HAMRA is one of the most vibrant quarters of Beirut. There are
hotels, universities, and shopping malls, which draw not only the
country's young and diverse population, but also tourists,
diplomats, and wealthy Arabs.
Today, however, there is something new: Syrian refugees. On
every street, Syrian women and children are begging; and at every
roundabout Syrian men wait for casual work.

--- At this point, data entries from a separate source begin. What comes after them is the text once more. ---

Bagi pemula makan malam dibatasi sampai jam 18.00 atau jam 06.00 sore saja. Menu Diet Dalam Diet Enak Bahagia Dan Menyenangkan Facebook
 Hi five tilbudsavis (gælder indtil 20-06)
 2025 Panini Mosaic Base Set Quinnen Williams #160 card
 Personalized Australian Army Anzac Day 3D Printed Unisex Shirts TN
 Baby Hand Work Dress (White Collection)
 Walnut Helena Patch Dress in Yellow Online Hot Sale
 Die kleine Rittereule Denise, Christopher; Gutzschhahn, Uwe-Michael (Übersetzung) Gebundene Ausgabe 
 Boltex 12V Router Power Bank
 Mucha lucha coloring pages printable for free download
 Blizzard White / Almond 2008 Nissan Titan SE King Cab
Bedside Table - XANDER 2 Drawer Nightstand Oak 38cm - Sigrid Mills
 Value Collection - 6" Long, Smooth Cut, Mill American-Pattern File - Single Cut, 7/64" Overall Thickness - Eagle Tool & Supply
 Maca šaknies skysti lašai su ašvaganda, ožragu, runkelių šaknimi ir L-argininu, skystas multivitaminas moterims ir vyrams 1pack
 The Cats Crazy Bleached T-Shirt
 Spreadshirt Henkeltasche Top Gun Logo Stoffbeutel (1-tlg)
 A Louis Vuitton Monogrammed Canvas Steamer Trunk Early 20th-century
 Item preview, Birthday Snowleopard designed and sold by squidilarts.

Lebanon is facing a humanitarian disaster: the arrival within
its borders of one million Syrian refugees. As the British
Ambassador to Lebanon, Tom Fletcher, announced last week, that is
an equivalent to the UK's receiving 14 million Romanian
refugees.
Up to half of those refugees are currently living in the Bekaa
Valley. I met a number of them last week, while on a visit to the
region for the UK charity Embrace the Middle East (formerly
BibleLands). We visited a family of seven who are living in a
one-room cellar in the basement of a warehouse. They had fled the
fighting in Aleppo, and arrived with nothing. There were 50
families in their building alone.
Embrace supported the local Lebanese Baptist Church in its
"Winterisation" project last autumn, providing blankets,
mattresses, and paraffin stoves to such families. Now, we are
financing food distribution, and saw at first hand some 60 families
receive their monthly food boxes, containing essential
non-perishable items.
Later the same day, we visited one of the many ad hoc camps that
have been set up in the valley, where families have built makeshift
tents from wooden frames and canvas. The stoic acceptance of the
situation was heart-rending. When we expressed sympathy and hope
for the future, the most common phrase we heard in response was
"Allah kareem" ("God is generous").
These people need much more than food and blankets. There are
now thousands of people without work, and thousands of children
without education. With no prospect of their returning in the near
future, these problems will soon become critical.
As with the Syrian conflict, the response of Lebanese Christians
to the refugee crisis is complex. Lebanese Baptists' response is
not typical: they have been criticised by other churches in the
area for encouraging the refugee crisis by giving handouts.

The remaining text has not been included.